Consider the following example.
$$\frac{\partial^2 u}{\partial^2 x}=\left(\frac{1}{R(t)}\frac{\partial }{\partial t}\right)^2u$$
Given that:
$$\left( \frac{1}{R(t)}\frac{\partial }{\partial t}\frac{\partial}{\partial x}-\frac{\partial}{\partial x}\frac{1}{R(t)}\frac{\partial }{\partial t}\right)u(x,t)=0,$$
we notice that it follows that
$$\left(\sqrt{\frac{\partial^2}{\partial x^2}}\right)u^*=\left(\pm\sqrt{\left(\frac{1}{R(t)}\frac{\partial }{\partial t}\right)^2}\right)u^*$$
where $\left\lbrace u^*\right\rbrace \subset \left\lbrace u\right\rbrace$.
The resulting equations for $u^*$ are much simpler to solve as they are first order and separable. So we solve them by the method of characteristics to get
$$\left\lbrace u^*\right\rbrace = \left\lbrace F_{1}\left(x-\int R(t)dt\right), F_{2}\left(x+\int R(t)dt\right)\right\rbrace $$
Where $F_{1}$ and $F_{2}$ are arbitrary functions. Since the original equation is linear, we then argue that a linear combination of all the elements of $\left\lbrace u^*\right\rbrace$ must produce all of the elements of $\left\lbrace u\right\rbrace$.
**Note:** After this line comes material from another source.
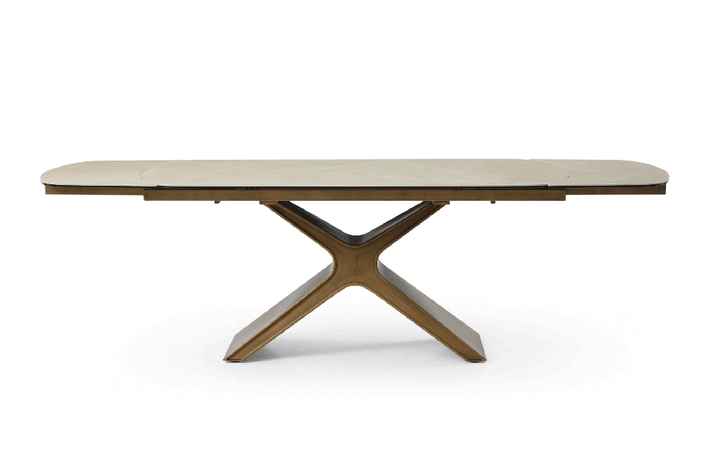 9368 Table Taupe with 1117 chairs
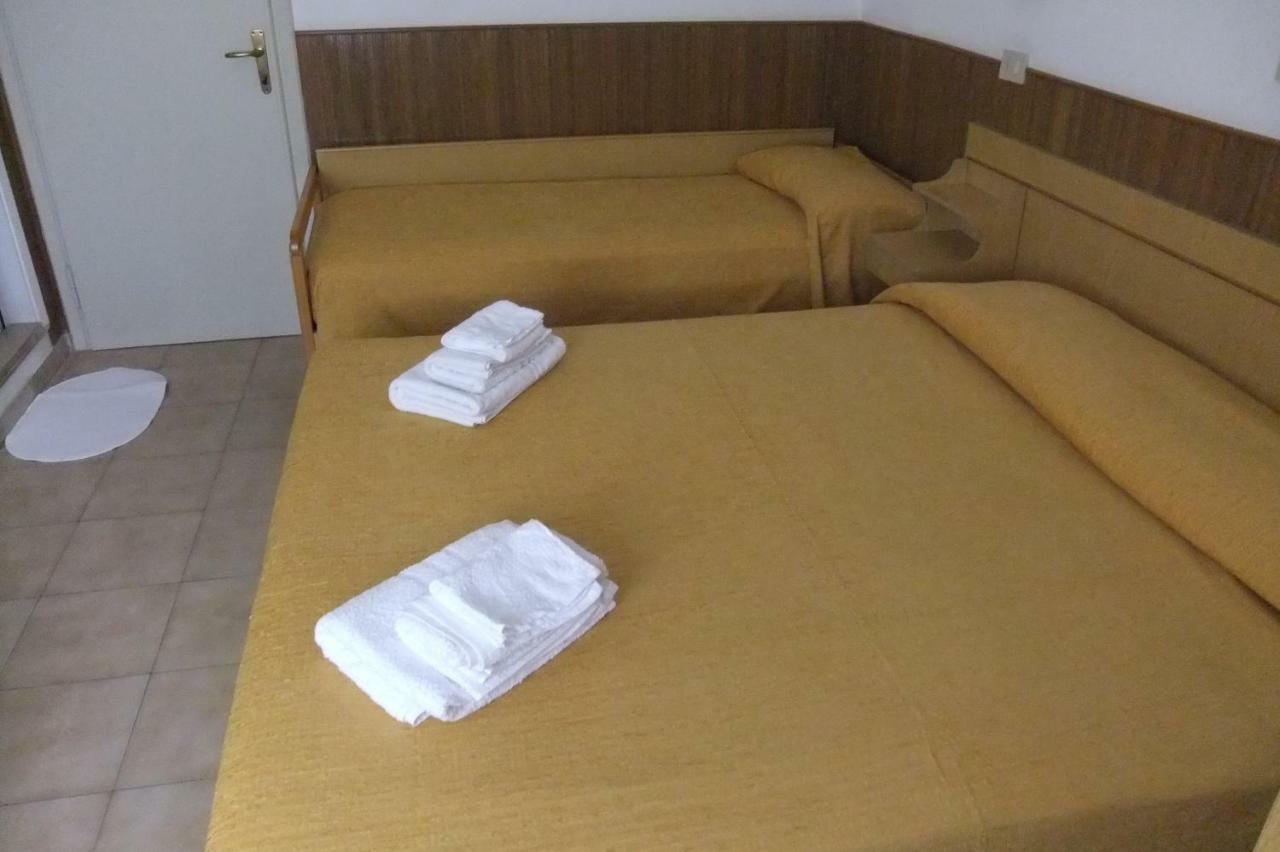 Albergo Villalma Rimini Kültér fotó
$$ u = F_{1}\left(x-\int R(t)dt\right) + F_{2}\left(x+\int R(t)dt\right)$$
So, the second order problem is thus algebraically reduced to a much simpler problem and the solutions are preserved.
Question:
Is this a universal property of differential operators and differential equations? And How can we prove it?